La città che sale di Umberto Boccioni

Umberto Boccioni: La città che sale

Umberto Boccioni: La città che sale
Umberto Boccioni: La città che sale, cm. 200 x 290,5, Museum of Modern Art (Guggenheim), New York

Alla pagina della seconda serie di opere di Umberto Boccioni

Sull’opera: “la città che sale” è un dipinto autografo di Umberto Boccioni realizzato con tecnica ad olio nel 1910, misura 200 x 290,5 cm. ed è custodito nel Museum of Modern Art (Guggenheim) of New York N.Y.

L’opera fu iniziata durante il periodo estivo del 1910 con la denominazione – data dallo stesso artista – di “Il Lavoro”, e con detto titolo fece l’esordio, nell’aprile del 1911, alla Mostra d’arte libera di Milano.

L’anno successivo, dal febbraio 1911, la tela viaggiò per gran parte del vecchio continente, iniziando con Parigi per essere esposta alla Bernheim-Jeuneper, quindi a Londra, Bruxelles, L’Aia e Amsterdam. Più tardi pervenne al Museum of Modern Art of New York, N.Y. In questo Museo, attuale sede, l’opera subì significativi danneggiamenti in seguito ad un incendio scoppiato nel 1958, quindi fu sottoposta ad un importante restauro.

Il Boccioni, prima di dedicarsi in pieno alla versione di New York, fece diversi tentativi e bozzetti (vedi opera successiva), approfondendo le modalità su come poter efficacemente lanciare un profondo messaggio attraverso il dipinto che di lì a poco avrebbe concepito.

L’artista ribadisce quindi, il proprio intento di dipingere “il frutto del nostro tempo industriale”, impegnandosi di comunicare nel modo più diretto anche la sua ansia vitalistica.

Nell’opera in esame appaiono elementi veristici assai inerenti alla tematica, ma anche  fattori simbolici che sollecitano il pittore a creare nuovi stati d’animo, e quindi nuove emozioni derivanti, però, sempre dalla stessa realtà nel ritmo frenetico della città che si evolve.
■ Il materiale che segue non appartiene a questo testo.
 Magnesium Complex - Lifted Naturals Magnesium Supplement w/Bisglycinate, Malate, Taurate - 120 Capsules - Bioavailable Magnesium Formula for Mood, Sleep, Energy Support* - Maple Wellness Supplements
La struttura prospettica della composizione rimane fondata sul naturalismo, e questo dimostra la volontà del Boccioni di non fondere completamente la realtà con la visione. Da aggiungere doverosamente che lo stesso artista considerava il “lavoro” un’opera di transizione, come testimonia una sua lettera scritta al Barbantini: “Ho quasi finito tre lavori.

Un quadro di metri 3 X 2 dove ho cercato una gran sintesi del lavoro, della luce e del movimento. È forse un lavoro di transizione e credo uno degli ultimi. È fatto completamente senza modello, e tutte le abilità del mestiere sono sacrificate alla ragione ultima dell’emozione”.
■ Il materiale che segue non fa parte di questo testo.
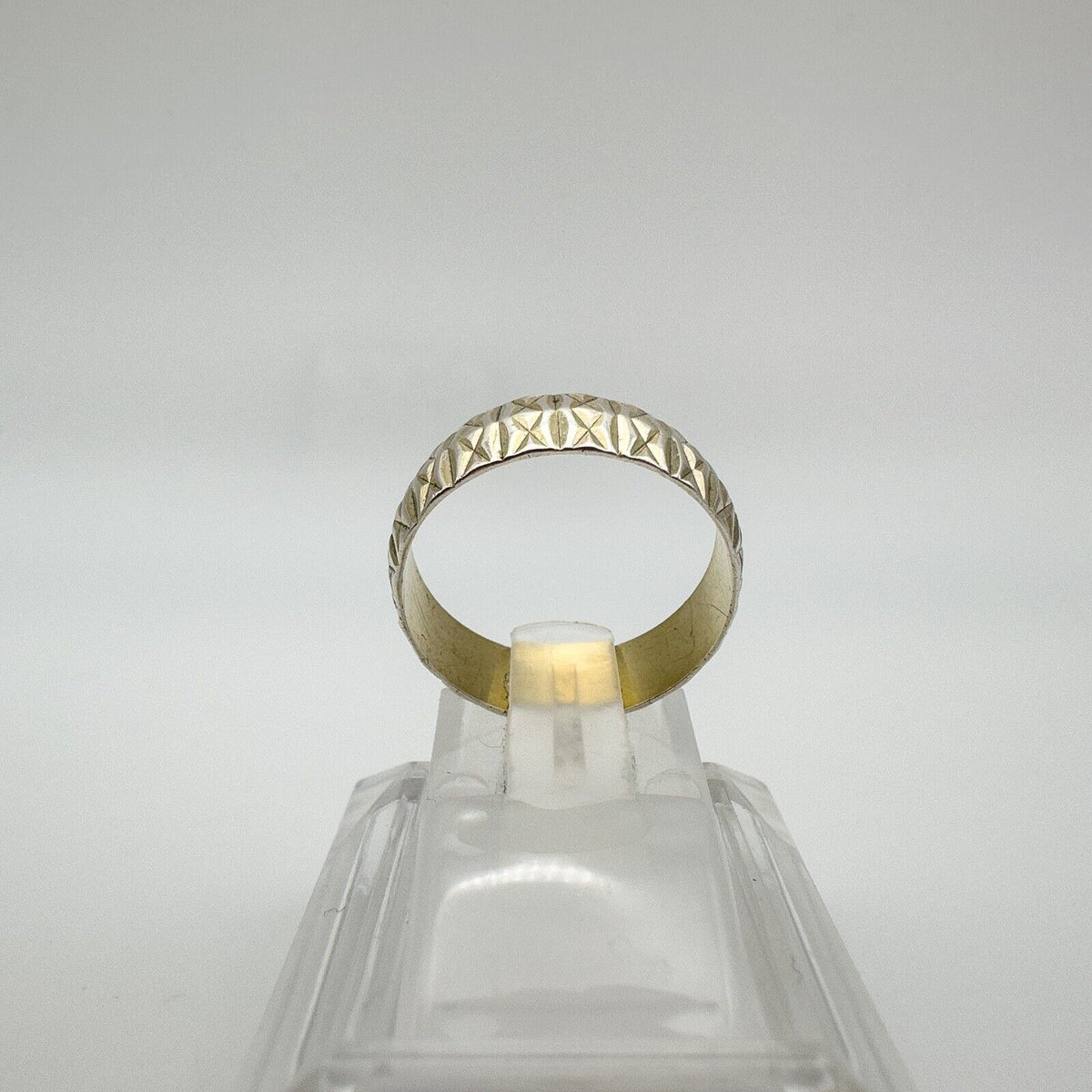 Vintage Diamond Cut Sterling Silver 925 Ring Size O - P *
Altri elementi, soprattutto quelli relativi alla “cultura” avvicinano il dipinto alla pittura espressionista, come già si intravedevano nella Primavera e si evidenzieranno in altre opere come il “Lutto”.

Preoccupazione dell’artista è quella di creare un moto spaziale attraverso uno stretto rapporto di forma e colore, che riproporrà nella “Rissa in Galleria“.